Give the line with "Продается 3-х комнатная" again, along with every line below it to the end of the records, word for word.

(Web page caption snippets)
________

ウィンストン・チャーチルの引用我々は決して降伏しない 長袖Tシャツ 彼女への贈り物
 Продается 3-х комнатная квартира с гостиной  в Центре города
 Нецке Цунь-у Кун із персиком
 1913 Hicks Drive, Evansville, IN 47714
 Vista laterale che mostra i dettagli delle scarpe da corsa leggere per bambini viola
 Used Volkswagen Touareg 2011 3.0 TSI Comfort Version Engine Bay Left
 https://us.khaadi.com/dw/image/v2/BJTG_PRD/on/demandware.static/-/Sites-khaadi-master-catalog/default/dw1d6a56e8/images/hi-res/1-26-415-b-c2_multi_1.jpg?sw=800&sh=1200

________

**Result below:**
 Продается 3-х комнатная квартира с гостиной  в Центре города
 Нецке Цунь-у Кун із персиком
 1913 Hicks Drive, Evansville, IN 47714
 Vista laterale che mostra i dettagli delle scarpe da corsa leggere per bambini viola
 Used Volkswagen Touareg 2011 3.0 TSI Comfort Version Engine Bay Left
 https://us.khaadi.com/dw/image/v2/BJTG_PRD/on/demandware.static/-/Sites-khaadi-master-catalog/default/dw1d6a56e8/images/hi-res/1-26-415-b-c2_multi_1.jpg?sw=800&sh=1200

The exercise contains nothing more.